» Exercise goal
Copy all the records exactly, but keep the pictures out of your version.

=====

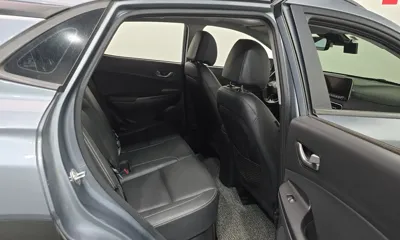 Hyundai Kona 2020, 112002 км, за 11027.96 USD - фото 11
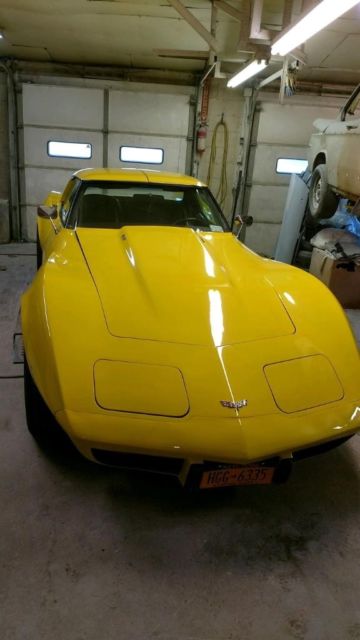1977 Chevrolet Corvette (Yellow/Tan)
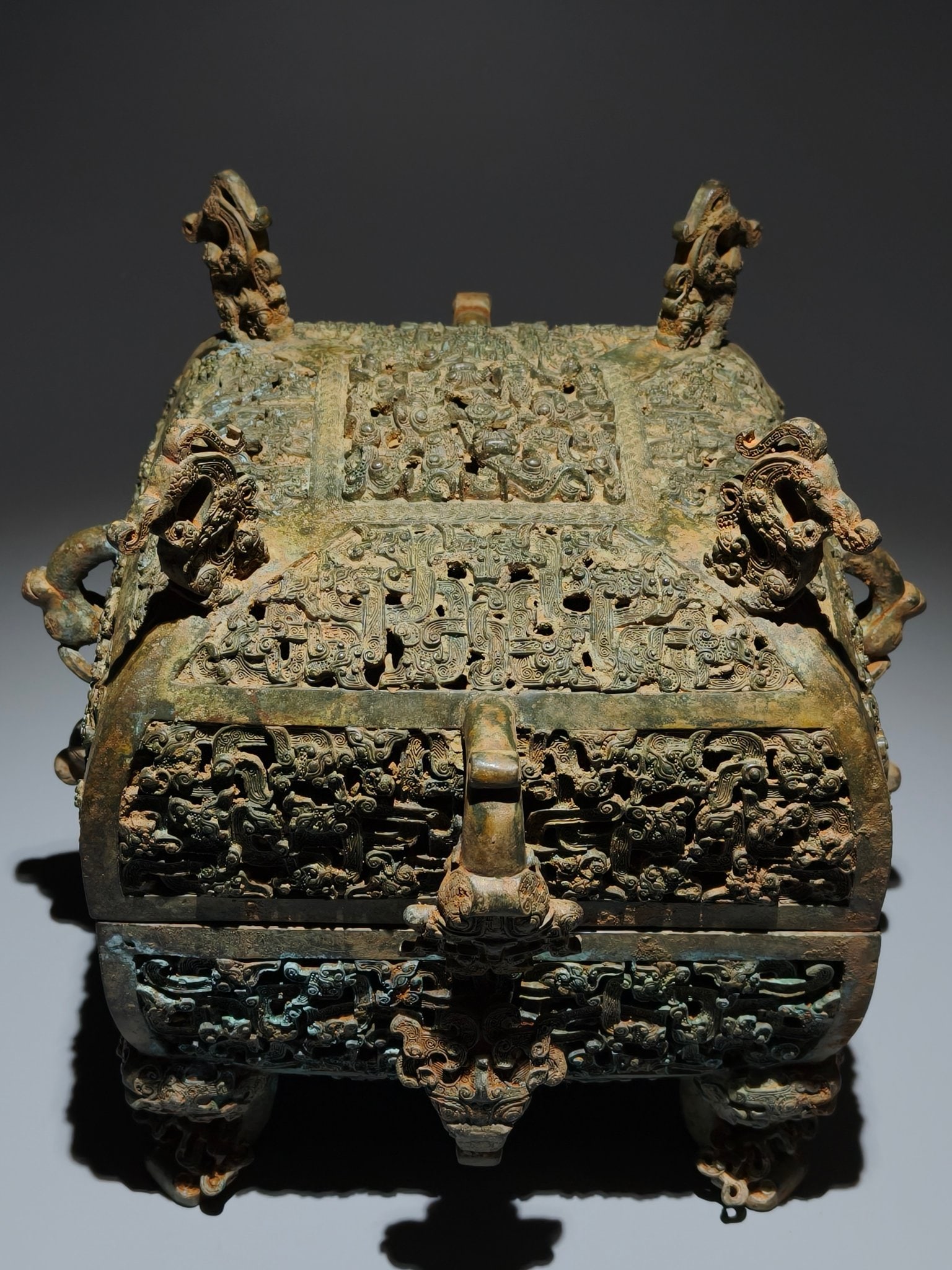 A Exquisite Bronze Dragon Pattern Box - 2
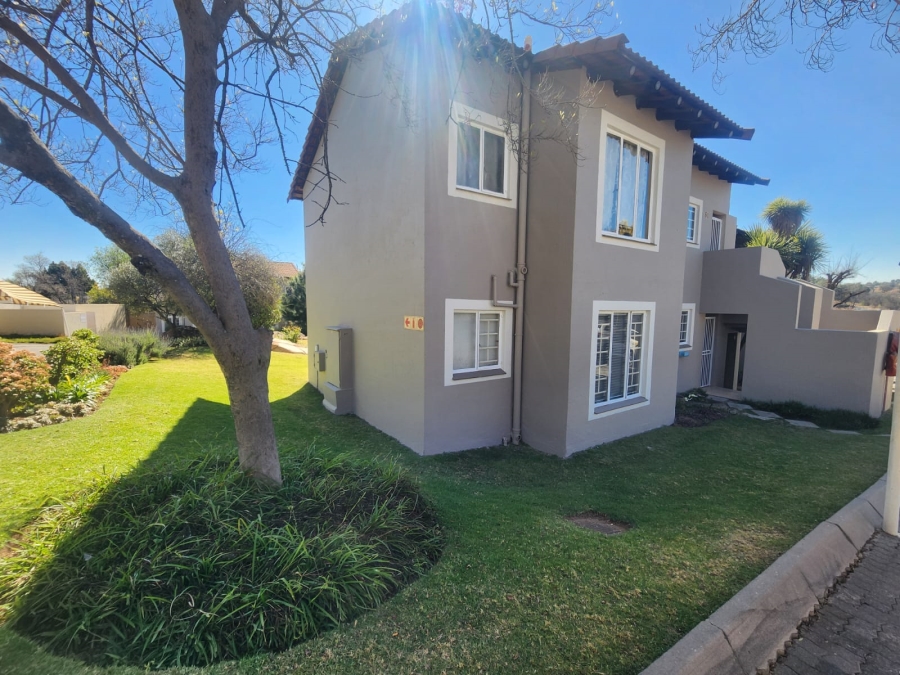 3 Bedroom Property for Sale in Lonehill Gauteng
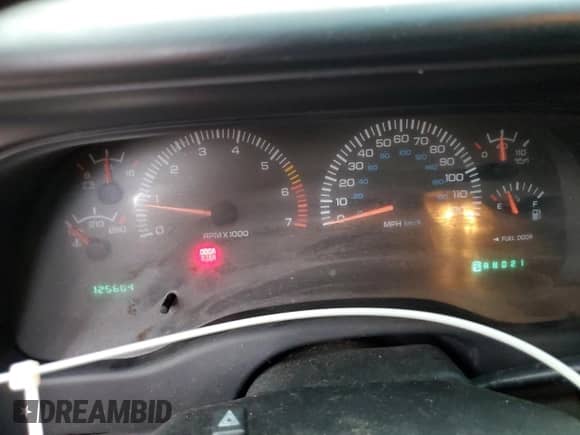 2000 Dodge Dakota Sport z VIN 1B7GG2AN0YS779786, wystawiony jako Copart lot #81118925 z przebiegiem 125 684 mil mil oraz Szkoda całkowita • Salvage title. Historia ofert i sprzedaży dostępna na DreamBid. Obrazek 9.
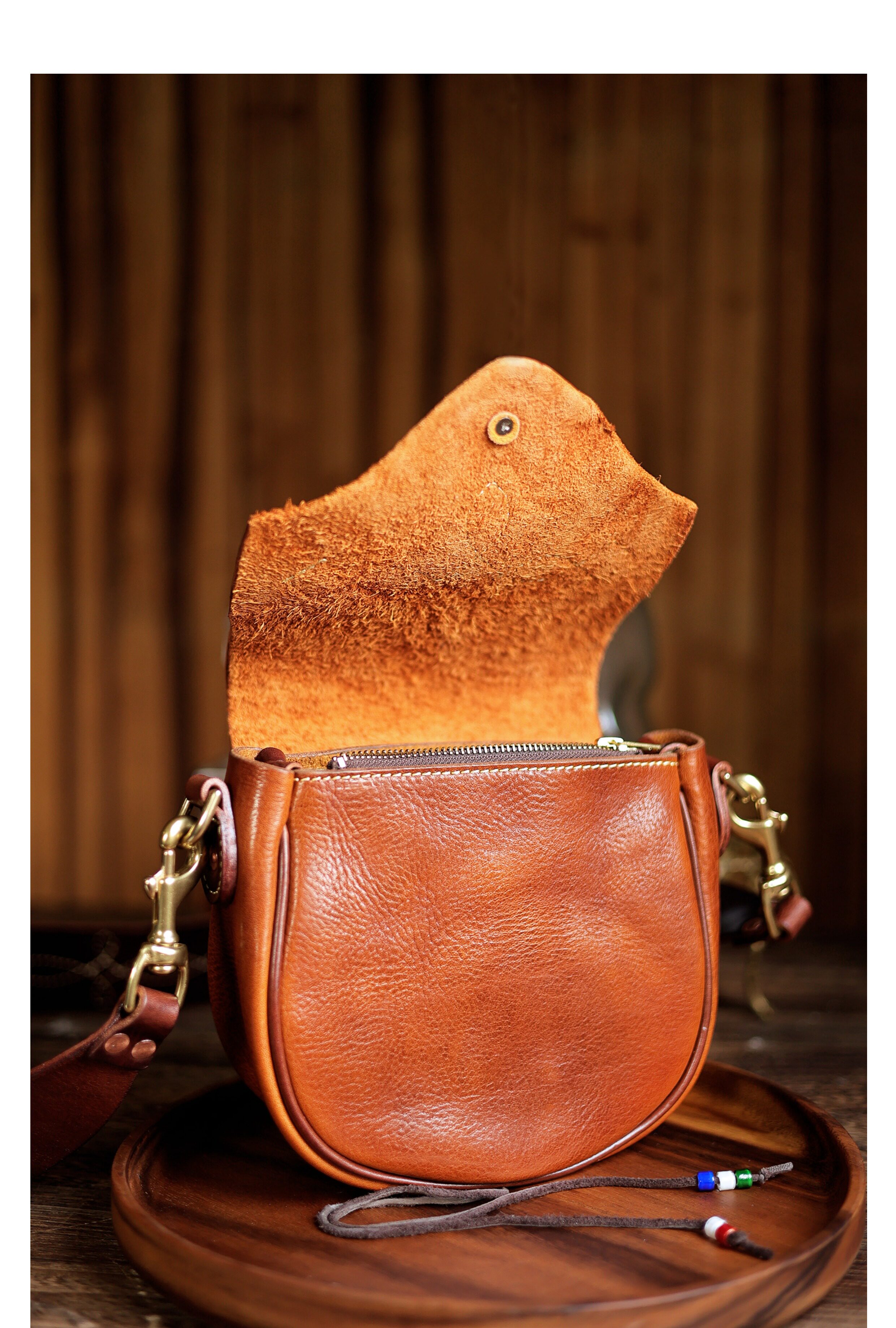 Crossbody saddle bag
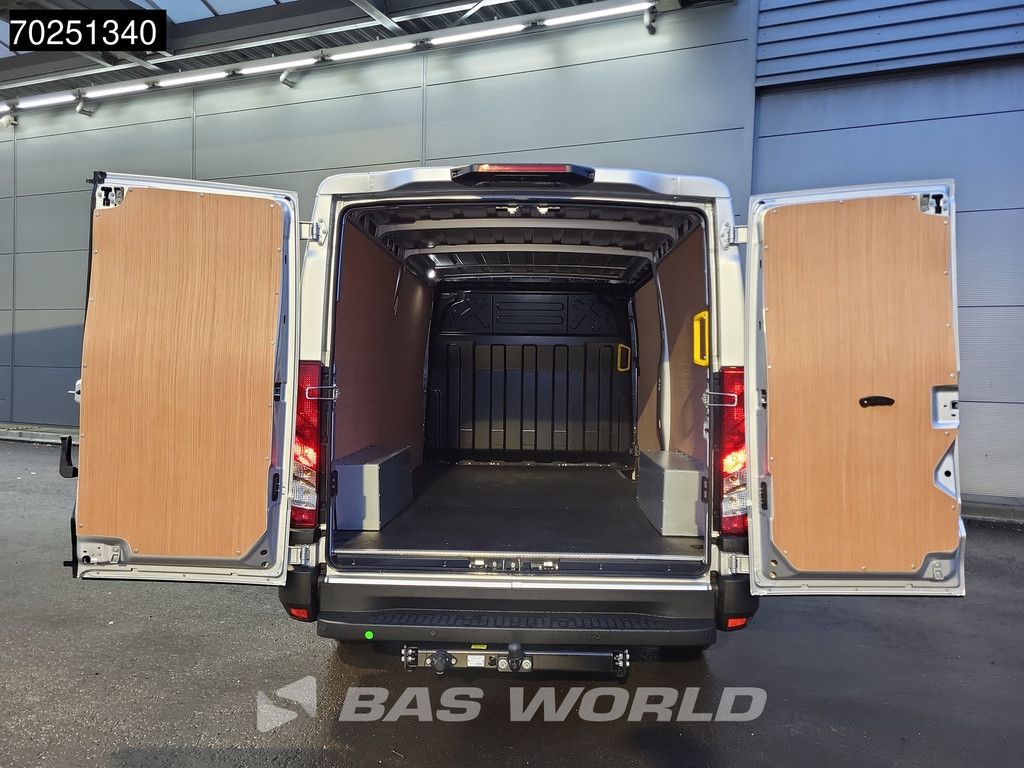 Iveco Daily 35S21 3.0L Automaat L2H1 210PK Laag Dak 2025-Model 3,5t Trekhaak ACC Navi LED Camera Parkeersensoren Euro6 L2 8m3 A/C Towbar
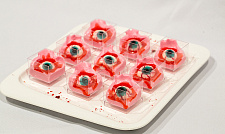 Десерт "Кровавый глаз" на клубничном облаке с доставкой на ваше мероприятие (превью)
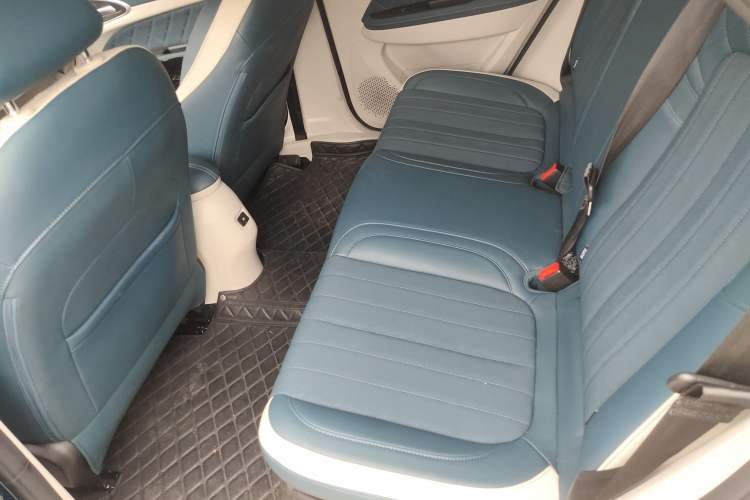 Used ORA Good Cat 2021 400km Standard Range Venus Edition Lithium Iron Phosphate Left Rear Seat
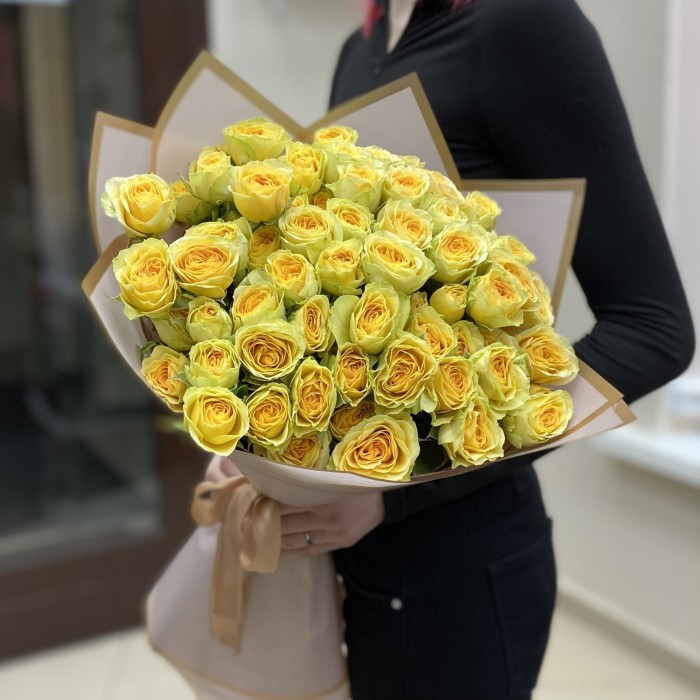 Букет из 15 желтых кустовых пионовидных роз Бандолера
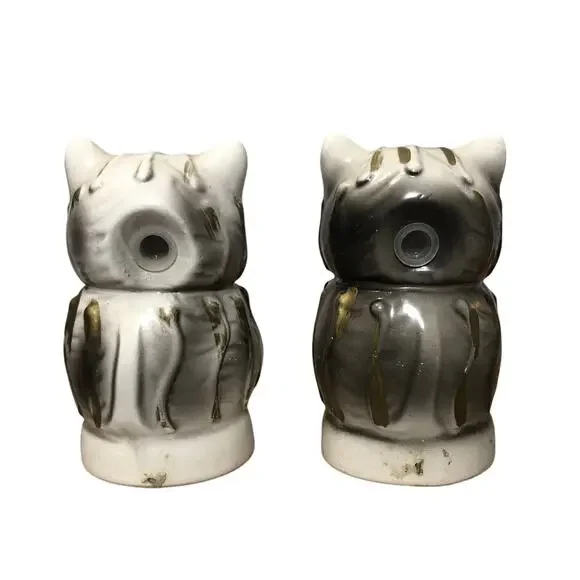 Vintage 1950s Anthropomorphic Cat Salt and Pepper Shakers Grey - Picture 3 of 8
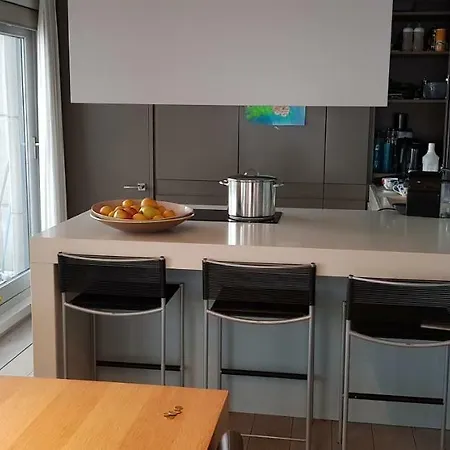 Ideal Tower Dakterras Appartement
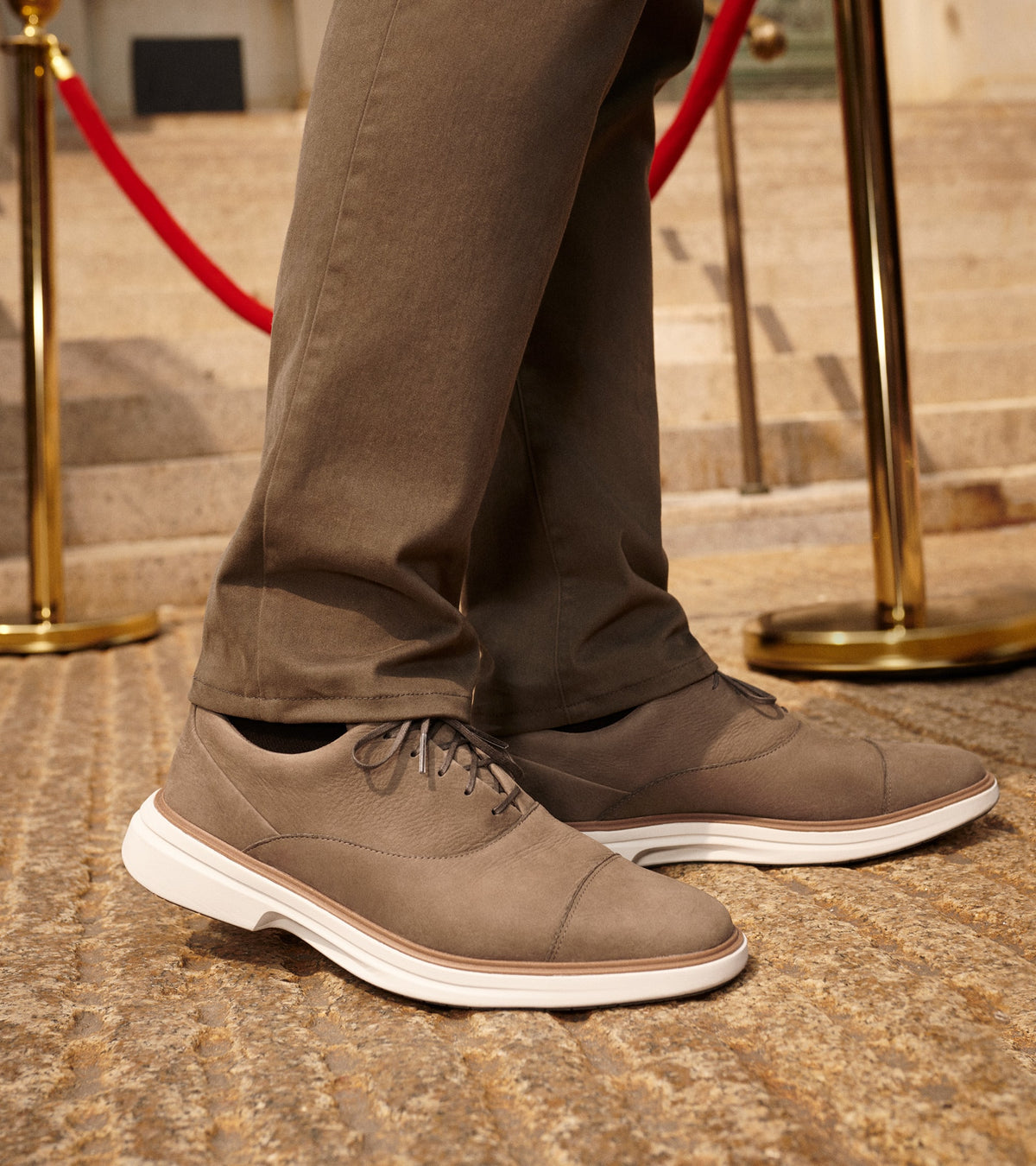 C42158:MOREL NUBUCK/ DK NATURAL / SILVER BIRCH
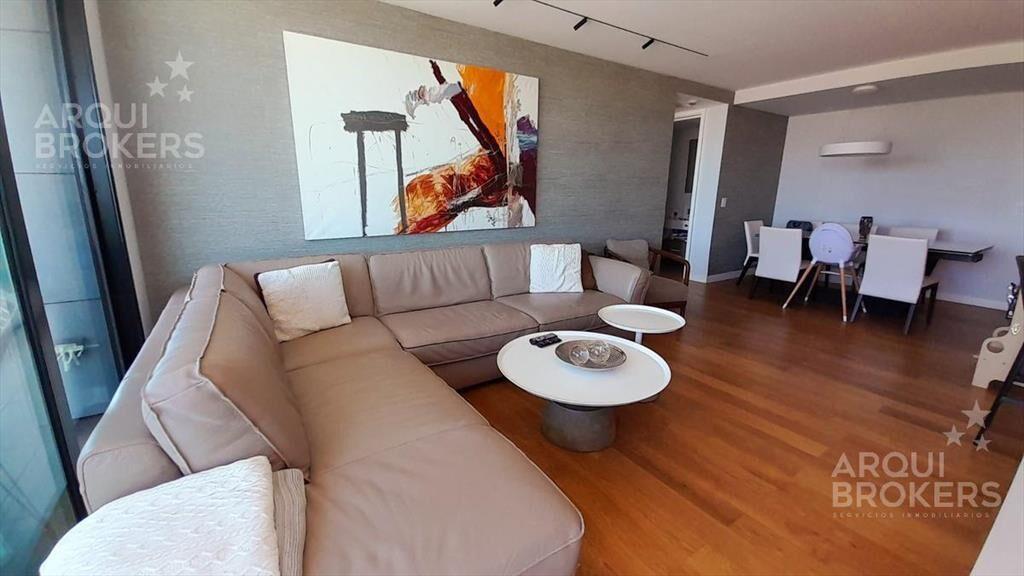 Venta apartamento dos dormitorios en Puerto del Buceo con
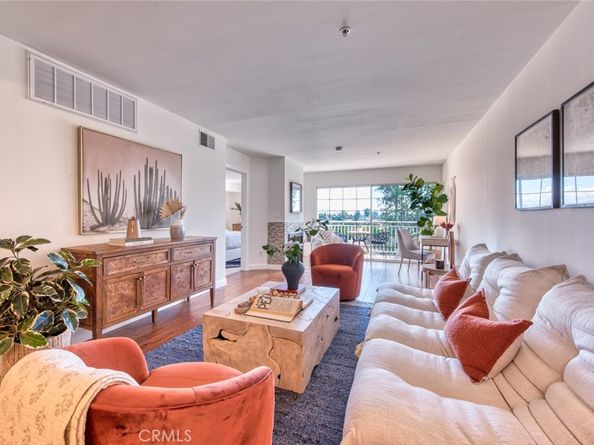 4755 Templeton Street 2117, Los Angeles CA 90032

=====

» Solution for this task
 Hyundai Kona 2020, 112002 км, за 11027.96 USD - фото 11
1977 Chevrolet Corvette (Yellow/Tan)
 A Exquisite Bronze Dragon Pattern Box - 2
 3 Bedroom Property for Sale in Lonehill Gauteng
 2000 Dodge Dakota Sport z VIN 1B7GG2AN0YS779786, wystawiony jako Copart lot #81118925 z przebiegiem 125 684 mil mil oraz Szkoda całkowita • Salvage title. Historia ofert i sprzedaży dostępna na DreamBid. Obrazek 9.
 Crossbody saddle bag
 Iveco Daily 35S21 3.0L Automaat L2H1 210PK Laag Dak 2025-Model 3,5t Trekhaak ACC Navi LED Camera Parkeersensoren Euro6 L2 8m3 A/C Towbar
 Десерт "Кровавый глаз" на клубничном облаке с доставкой на ваше мероприятие (превью)
 Used ORA Good Cat 2021 400km Standard Range Venus Edition Lithium Iron Phosphate Left Rear Seat
 Букет из 15 желтых кустовых пионовидных роз Бандолера
 Vintage 1950s Anthropomorphic Cat Salt and Pepper Shakers Grey - Picture 3 of 8
 Ideal Tower Dakterras Appartement
 C42158:MOREL NUBUCK/ DK NATURAL / SILVER BIRCH
 Venta apartamento dos dormitorios en Puerto del Buceo con
 4755 Templeton Street 2117, Los Angeles CA 90032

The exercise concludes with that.